Re: JSH: Logic and paradox
- From: Rotwang <sg552@xxxxxxxxxxxxx>
- Date: Sat, 06 Oct 2007 06:05:40 -0700
James Harris wrote:
[stuff about logic]
James, I hope you don't mind if I provide an excerpt from a related
blog entry of yours: from
http://mymath.blogspot.com/2005/06/3-logic-more-basics.html
consider the sentence:
This sentence is false.
It has a logical value of -1, as it is negatable:
This sentence is not false.
You have made a rookie error here. The negation of the sentence "this
sentence is false" is not "this sentence is not false". That is
because the word "this" in the two sentences refer to different
things. That is, suppose we refer to the first sentence as U, so that
U is the sentence "Sentence U is false". Then the negation of U is the
sentence "Sentence U is not false". But this is not the same as U, so
it is not equivalent to "This sentence is not false".
As consider the suppose paradoxical statement:
Consider a set of all sets that exclude themselves.
That's not a statement.
That is a malformed statement as it violates 1. and 2. above. But to
know that you have to hold a certain amount of information in your
mind, sort of in the working space you might say of your brain.
If you lack the mental capacity to do that then your mental wiring
prevents you from comprehending that reality.
Let me explain in detail and see if you can hold in all the info:
A set of all sets that exclude themselves cannot exist as it needs to
include itself, but if it includes itself it excludes itself, so the
statement is malformed, as a set cannot include and exclude itself.
Yes, we all understand Russell's paradox.
The easy fix is, consider a set of all sets that exclude themselves,
except itself.
So let me get this straight: when a theory such as Set Theory with
unrestricted comprehension contains a set which leads to a
contradiction, the "easy fix" is to consider a different set.
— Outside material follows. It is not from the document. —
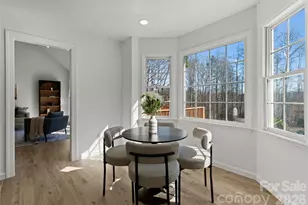 9215 Richardson King Rd, Waxhaw, NC 28173 - Photo 15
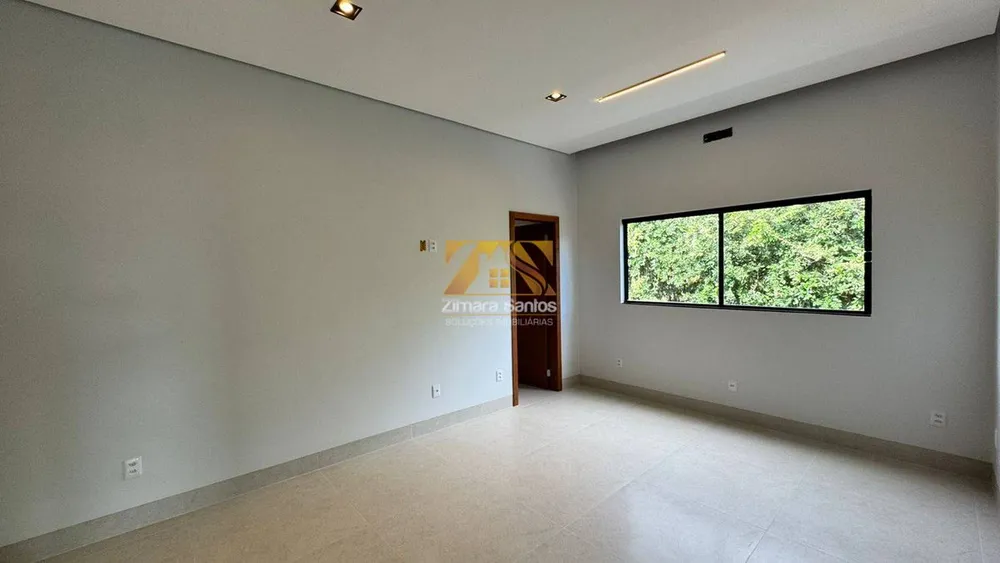 Sobrado, 3 quartos, 160 m² - Foto 7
Er, no.
That doesn't fix the problem, that just ignores the problem. You might
as well argue that... no, sorry. I can't think of an analogy that is
as dumb as this.
The exception creates a well-formed statement.
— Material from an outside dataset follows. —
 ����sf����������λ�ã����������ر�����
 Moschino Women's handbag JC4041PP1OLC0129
If you cannot follow that you may not be mentally capable of holding
enough information in mind long enough to connect the dots.
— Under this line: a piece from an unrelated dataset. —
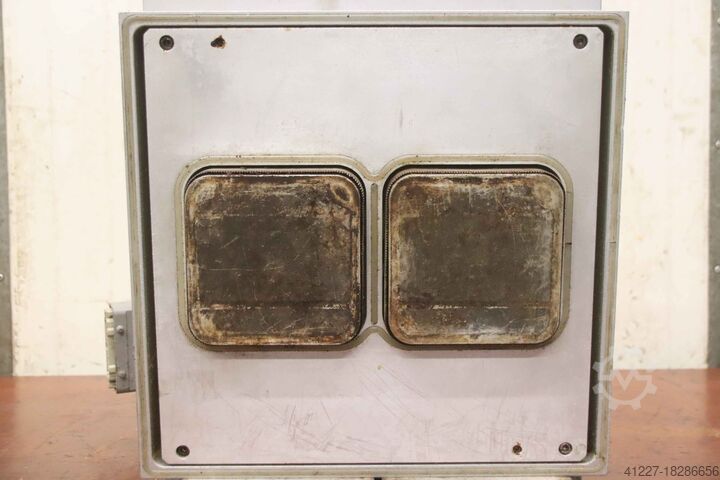 Инструмент для запечатывания лотков Reepack 342201270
Yet the simple principle that controls what must be true is simply to
accept that equals means equal.
But to many people if you have x = y, you have DIFFERENT things, so in
their MINDS equal does NOT necessarily mean equal as x is not y, as
in, x is a different letter from y.
Get it, yet? I think that the human brain simply is less evolved than
most people realize and such considerations push its circuitry to
their maximum and for some people require capacity beyond their
maximum, so there is this notion of "logical paradox", when such a
thing is impossible.
Rather than spout this stuff about what logicians do and don't
understand, why not first learn a bit about what they've done? It's
painfully obvious that you don't know the first thing about first
order logic with equality, for example, which is highly relevant to
what you are talking about.
.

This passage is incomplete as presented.